You have already worked in some very interesting positions related to protocol, including your position as Associate Director of International Programs for the Congressional Studies Group at FMC. Get us up to speed on what you are doing now and what your future plans entail? I’m back in the classroom, this time as a graduate student of Public Administration in the School of Government at The University of North Carolina at Chapel Hill. This semester I’m in a course on Organization Theory, which uses a four-frame model developed by Bolman and Deal. In this course in particular, I’ve drawn on my past experiences in a protocol-related role and the PSOW training as context for our reading and discussion about the culture, people, politics, and structure of organizations and their environments. Looking ahead, I hope to find professional opportunities to support the strategic operations of public service organizations. An understanding of protocol can play a vital role in this work.

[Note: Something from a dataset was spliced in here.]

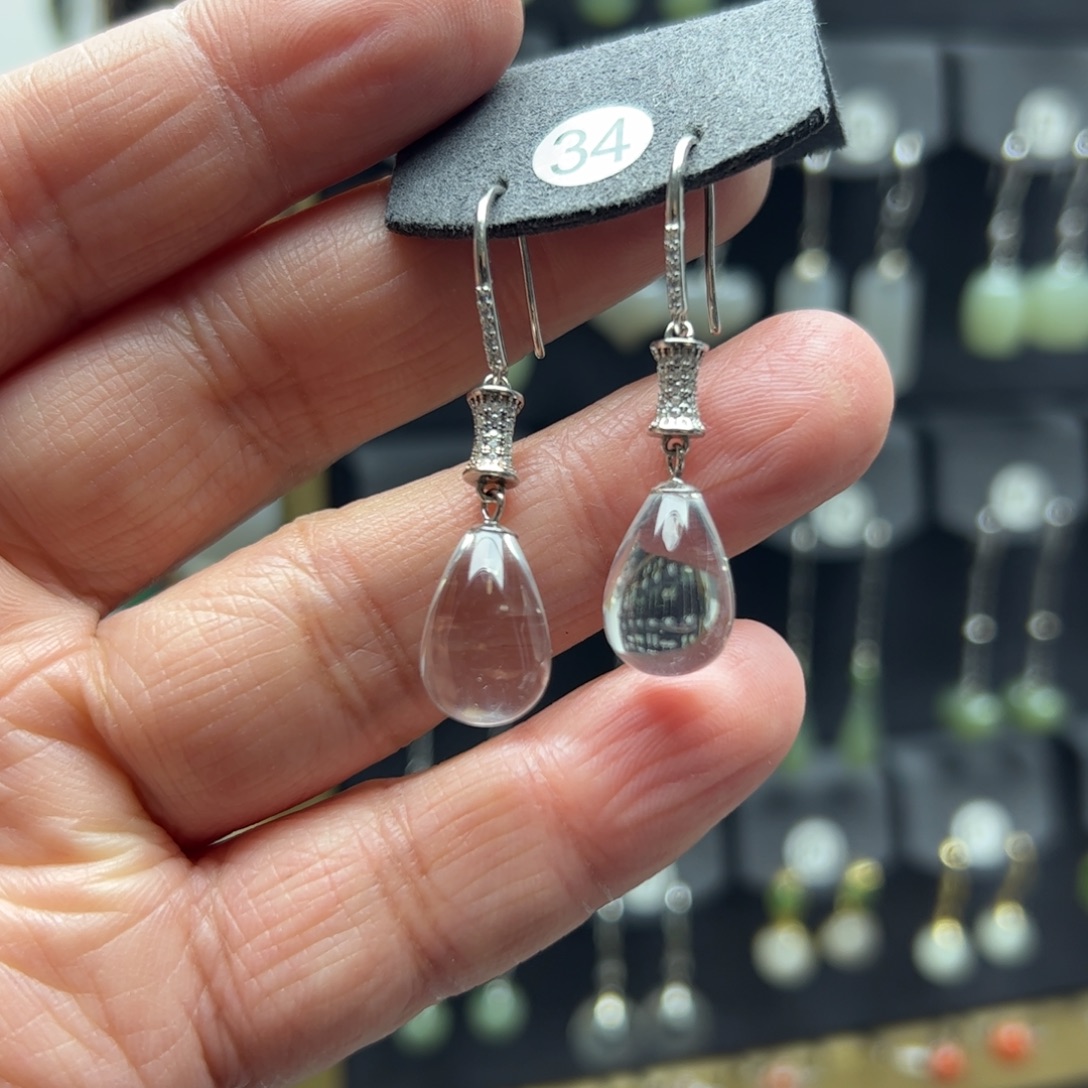 耳饰水晶银S925镶嵌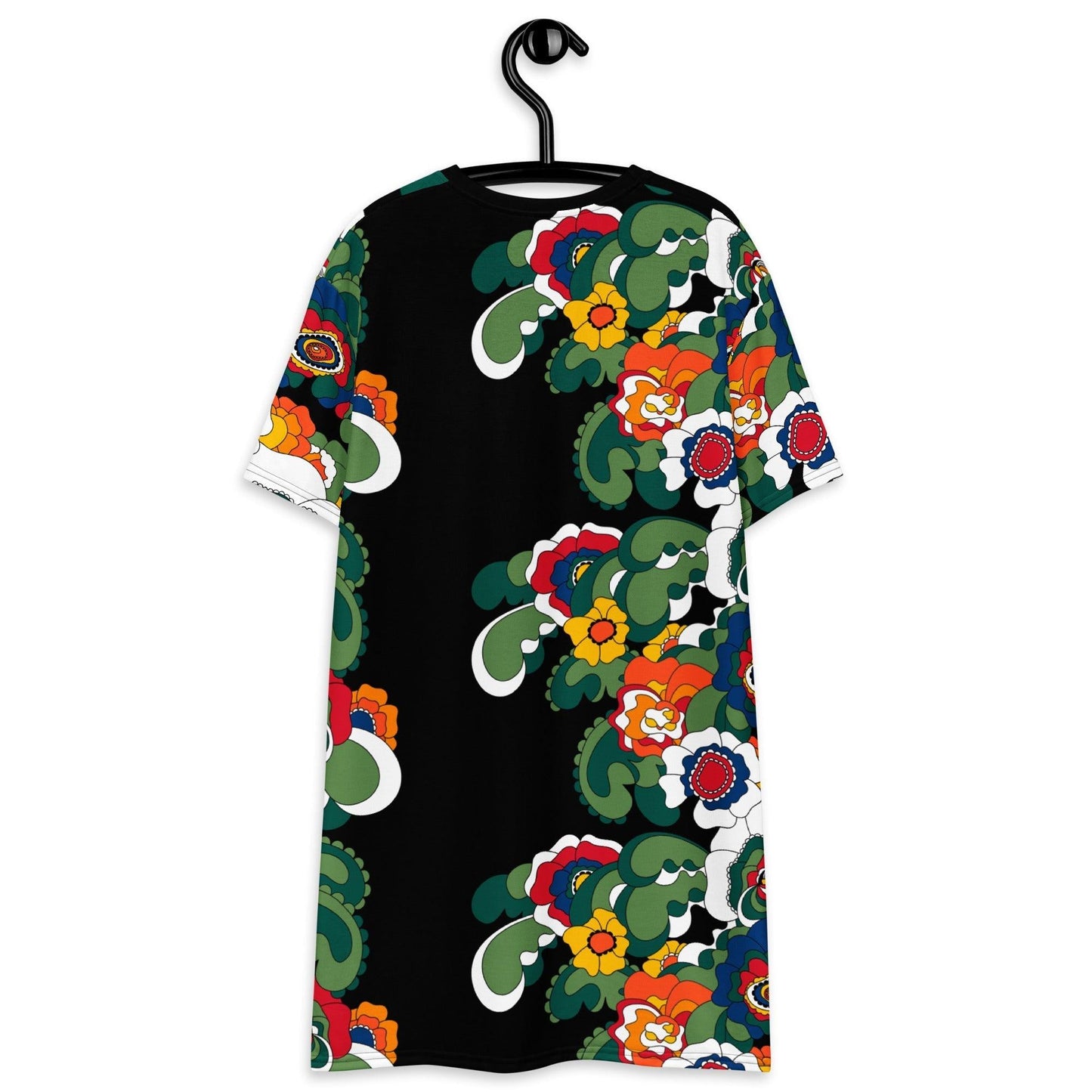 T-shirt dress - GROOVY KURBITS black - Folk floral print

What do you think are the biggest challenges that protocol professionals face in a world of instant communication, political tweets and how “fake news” may cause misconceptions about other countries and cultures? Intentionally hurtful speech is inexcusable and incompatible with the values of public service. Unfortunately, intentionally hurtful speech, like more innocent faux pas, is nothing new. What has changed is the speed and reach of communication. Protocol professionals must work harder now to ensure solid people-to-people relationships under gird more fluctuating official ones.
What would you tell a prospective student thinking of attending a PSOW session? One of the assets of the PSOW Training is your cohort. While a heavy majority served the military, there were also protocol professionals from other sectors. The varied perspectives enrich group discussions and adds great value to the formal curriculum. As you learn, protocol is both an art and a science, best when tailored to the environment and purpose.